Department of Medicine, McGill University, Montreal, QC, Canada.
Chest (Impact Factor: 7.13). 02/2012; 141(2 Suppl):e195S-226S. DOI: 10.1378/chest.11-2296
Source: PubMed

ABSTRACT This guideline addressed VTE prevention in hospitalized medical patients, outpatients with cancer, the chronically immobilized, long-distance travelers, and those with asymptomatic thrombophilia.
This guideline follows methods described in Methodology for the Development of Antithrombotic Therapy and Prevention of Thrombosis Guidelines: Antithrombotic Therapy and Prevention of Thrombosis, 9th ed: American College of Chest Physicians Evidence-Based Clinical Practice Guidelines in this supplement.
For acutely ill hospitalized medical patients at increased risk of thrombosis, we recommend anticoagulant thromboprophylaxis with low-molecular-weight heparin (LMWH), low-dose unfractionated heparin (LDUH) bid, LDUH tid, or fondaparinux (Grade 1B) and suggest against extending the duration of thromboprophylaxis beyond the period of patient immobilization or acute hospital stay (Grade 2B). For acutely ill hospitalized medical patients at low risk of thrombosis, we recommend against the use of pharmacologic prophylaxis or mechanical prophylaxis (Grade 1B).
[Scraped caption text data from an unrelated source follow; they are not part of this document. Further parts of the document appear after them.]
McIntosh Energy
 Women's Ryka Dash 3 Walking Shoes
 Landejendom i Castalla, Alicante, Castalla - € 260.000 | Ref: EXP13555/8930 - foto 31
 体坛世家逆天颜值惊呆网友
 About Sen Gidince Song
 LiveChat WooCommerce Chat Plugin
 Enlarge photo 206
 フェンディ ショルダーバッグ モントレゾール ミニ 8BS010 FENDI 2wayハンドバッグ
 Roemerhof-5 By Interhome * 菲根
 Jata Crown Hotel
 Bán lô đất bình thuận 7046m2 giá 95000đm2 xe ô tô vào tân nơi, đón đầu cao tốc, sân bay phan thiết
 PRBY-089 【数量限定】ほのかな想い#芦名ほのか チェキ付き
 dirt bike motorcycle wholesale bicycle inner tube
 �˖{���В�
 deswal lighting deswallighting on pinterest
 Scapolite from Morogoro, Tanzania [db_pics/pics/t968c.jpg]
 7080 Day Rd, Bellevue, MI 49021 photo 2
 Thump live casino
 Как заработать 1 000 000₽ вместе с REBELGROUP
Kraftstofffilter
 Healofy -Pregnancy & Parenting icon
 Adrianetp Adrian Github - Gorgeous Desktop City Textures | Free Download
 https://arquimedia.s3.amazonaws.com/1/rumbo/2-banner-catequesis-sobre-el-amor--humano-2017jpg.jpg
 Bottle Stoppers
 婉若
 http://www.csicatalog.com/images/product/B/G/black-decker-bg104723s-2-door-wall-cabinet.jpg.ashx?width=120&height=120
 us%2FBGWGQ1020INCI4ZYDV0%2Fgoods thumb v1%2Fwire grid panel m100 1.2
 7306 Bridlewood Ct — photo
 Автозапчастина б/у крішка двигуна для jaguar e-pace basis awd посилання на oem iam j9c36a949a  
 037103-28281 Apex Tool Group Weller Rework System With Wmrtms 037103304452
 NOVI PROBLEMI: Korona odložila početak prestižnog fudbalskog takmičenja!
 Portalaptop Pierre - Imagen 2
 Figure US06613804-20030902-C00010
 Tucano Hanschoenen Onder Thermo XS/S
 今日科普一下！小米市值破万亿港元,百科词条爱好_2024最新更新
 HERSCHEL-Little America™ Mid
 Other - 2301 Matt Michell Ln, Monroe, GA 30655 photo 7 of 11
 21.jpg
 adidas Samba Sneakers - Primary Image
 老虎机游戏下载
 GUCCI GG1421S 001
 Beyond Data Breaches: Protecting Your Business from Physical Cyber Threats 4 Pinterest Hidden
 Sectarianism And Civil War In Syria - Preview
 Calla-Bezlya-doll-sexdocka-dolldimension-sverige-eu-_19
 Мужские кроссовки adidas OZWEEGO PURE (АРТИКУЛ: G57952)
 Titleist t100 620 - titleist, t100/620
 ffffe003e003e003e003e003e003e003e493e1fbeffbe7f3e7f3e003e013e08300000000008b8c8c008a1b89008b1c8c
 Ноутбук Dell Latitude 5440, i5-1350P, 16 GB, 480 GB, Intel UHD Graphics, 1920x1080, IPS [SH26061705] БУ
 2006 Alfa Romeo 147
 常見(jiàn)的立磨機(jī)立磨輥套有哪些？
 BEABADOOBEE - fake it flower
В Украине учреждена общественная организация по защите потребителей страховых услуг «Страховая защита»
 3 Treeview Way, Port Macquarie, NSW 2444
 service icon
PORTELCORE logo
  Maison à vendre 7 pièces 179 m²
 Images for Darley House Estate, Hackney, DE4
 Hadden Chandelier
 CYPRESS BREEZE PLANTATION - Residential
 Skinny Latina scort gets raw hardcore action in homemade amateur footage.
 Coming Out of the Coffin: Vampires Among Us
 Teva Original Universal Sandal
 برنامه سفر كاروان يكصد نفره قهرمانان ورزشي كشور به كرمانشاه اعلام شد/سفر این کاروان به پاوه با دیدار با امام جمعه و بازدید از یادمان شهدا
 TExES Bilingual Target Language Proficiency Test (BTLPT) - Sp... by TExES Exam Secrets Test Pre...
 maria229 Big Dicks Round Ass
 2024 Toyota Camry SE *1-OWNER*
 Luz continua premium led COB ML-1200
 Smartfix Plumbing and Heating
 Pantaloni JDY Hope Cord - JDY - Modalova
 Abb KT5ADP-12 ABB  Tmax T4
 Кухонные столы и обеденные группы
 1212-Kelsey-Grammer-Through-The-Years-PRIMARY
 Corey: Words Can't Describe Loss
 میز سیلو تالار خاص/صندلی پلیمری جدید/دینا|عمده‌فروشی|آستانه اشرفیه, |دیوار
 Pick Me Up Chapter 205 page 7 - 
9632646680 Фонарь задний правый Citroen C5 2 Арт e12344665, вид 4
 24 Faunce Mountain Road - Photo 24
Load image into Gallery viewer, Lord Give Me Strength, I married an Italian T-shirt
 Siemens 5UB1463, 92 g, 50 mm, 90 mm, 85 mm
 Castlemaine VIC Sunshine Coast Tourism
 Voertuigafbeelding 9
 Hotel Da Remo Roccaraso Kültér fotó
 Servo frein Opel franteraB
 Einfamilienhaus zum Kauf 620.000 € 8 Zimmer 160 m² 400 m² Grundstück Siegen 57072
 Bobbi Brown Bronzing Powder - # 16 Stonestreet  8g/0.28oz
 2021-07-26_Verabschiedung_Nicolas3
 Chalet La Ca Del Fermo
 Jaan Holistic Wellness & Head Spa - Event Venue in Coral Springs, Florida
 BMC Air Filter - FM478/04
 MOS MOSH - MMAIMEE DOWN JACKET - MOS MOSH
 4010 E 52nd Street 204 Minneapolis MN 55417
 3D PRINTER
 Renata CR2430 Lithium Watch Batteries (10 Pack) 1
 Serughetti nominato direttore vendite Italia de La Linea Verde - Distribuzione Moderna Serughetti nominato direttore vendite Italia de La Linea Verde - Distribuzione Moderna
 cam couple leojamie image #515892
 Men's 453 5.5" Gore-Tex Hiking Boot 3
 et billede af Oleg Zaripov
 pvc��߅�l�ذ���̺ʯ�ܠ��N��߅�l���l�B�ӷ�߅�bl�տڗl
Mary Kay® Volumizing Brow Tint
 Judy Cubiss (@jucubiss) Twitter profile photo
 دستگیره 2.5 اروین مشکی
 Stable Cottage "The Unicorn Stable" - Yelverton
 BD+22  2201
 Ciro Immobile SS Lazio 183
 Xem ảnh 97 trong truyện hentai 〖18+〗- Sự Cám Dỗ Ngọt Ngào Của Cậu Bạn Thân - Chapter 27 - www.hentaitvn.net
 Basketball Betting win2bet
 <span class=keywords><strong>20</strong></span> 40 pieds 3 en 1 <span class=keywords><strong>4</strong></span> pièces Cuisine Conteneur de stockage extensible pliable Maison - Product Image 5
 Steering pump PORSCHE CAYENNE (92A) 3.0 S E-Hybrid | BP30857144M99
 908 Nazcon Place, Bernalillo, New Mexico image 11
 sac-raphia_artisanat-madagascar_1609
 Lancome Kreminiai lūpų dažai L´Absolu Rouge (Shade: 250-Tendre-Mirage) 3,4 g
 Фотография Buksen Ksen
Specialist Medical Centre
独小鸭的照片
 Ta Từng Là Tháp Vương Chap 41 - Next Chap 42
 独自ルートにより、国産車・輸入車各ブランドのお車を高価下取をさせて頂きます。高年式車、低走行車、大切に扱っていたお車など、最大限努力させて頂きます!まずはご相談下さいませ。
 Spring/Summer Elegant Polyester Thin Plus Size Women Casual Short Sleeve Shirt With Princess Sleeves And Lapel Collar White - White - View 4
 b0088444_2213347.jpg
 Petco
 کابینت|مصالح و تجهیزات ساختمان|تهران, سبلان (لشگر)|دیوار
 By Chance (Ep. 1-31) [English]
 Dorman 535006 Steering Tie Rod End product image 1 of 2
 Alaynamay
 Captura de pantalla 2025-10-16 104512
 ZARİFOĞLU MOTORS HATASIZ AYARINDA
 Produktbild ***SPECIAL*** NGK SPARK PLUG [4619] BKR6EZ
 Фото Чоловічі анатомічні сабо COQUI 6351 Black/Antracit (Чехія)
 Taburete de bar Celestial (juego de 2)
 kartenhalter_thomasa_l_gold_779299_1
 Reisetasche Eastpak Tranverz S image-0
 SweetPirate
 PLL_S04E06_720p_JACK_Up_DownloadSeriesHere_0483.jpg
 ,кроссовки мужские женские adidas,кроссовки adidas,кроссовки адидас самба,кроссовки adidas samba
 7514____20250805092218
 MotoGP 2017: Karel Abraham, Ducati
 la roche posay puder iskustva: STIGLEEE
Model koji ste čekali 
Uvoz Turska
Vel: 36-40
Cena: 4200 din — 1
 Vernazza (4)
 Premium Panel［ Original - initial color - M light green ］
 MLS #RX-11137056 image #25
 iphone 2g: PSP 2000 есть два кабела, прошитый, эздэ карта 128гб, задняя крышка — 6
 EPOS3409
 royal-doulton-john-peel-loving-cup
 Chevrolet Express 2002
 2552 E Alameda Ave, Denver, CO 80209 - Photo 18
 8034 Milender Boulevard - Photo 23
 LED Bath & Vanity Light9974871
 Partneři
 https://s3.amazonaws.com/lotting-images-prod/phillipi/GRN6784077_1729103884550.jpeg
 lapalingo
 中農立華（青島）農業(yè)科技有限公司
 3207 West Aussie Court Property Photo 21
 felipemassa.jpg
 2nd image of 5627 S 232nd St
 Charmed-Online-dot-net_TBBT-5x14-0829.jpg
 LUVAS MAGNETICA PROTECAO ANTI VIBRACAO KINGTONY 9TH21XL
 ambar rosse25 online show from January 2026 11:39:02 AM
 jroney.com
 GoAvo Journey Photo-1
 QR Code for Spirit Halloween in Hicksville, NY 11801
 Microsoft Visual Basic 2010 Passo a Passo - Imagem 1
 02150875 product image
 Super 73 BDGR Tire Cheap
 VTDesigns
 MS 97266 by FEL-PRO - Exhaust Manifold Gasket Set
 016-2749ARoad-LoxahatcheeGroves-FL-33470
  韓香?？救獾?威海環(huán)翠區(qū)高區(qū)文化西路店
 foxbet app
For acutely ill hospitalized medical patients at increased risk of thrombosis who are bleeding or are at high risk for major bleeding, we suggest mechanical thromboprophylaxis with graduated compression stockings (GCS) (Grade 2C) or intermittent pneumatic compression (IPC) (Grade 2C). For critically ill patients, we suggest using LMWH or LDUH thromboprophylaxis (Grade 2C). For critically ill patients who are bleeding or are at high risk for major bleeding, we suggest mechanical thromboprophylaxis with GCS and/or IPC at least until the bleeding risk decreases (Grade 2C). In outpatients with cancer who have no additional risk factors for VTE we suggest against routine prophylaxis with LMWH or LDUH (Grade 2B) and recommend against the prophylactic use of vitamin K antagonists (Grade 1B).
Decisions regarding prophylaxis in nonsurgical patients should be made after consideration of risk factors for both thrombosis and bleeding, clinical context, and patients' values and preferences.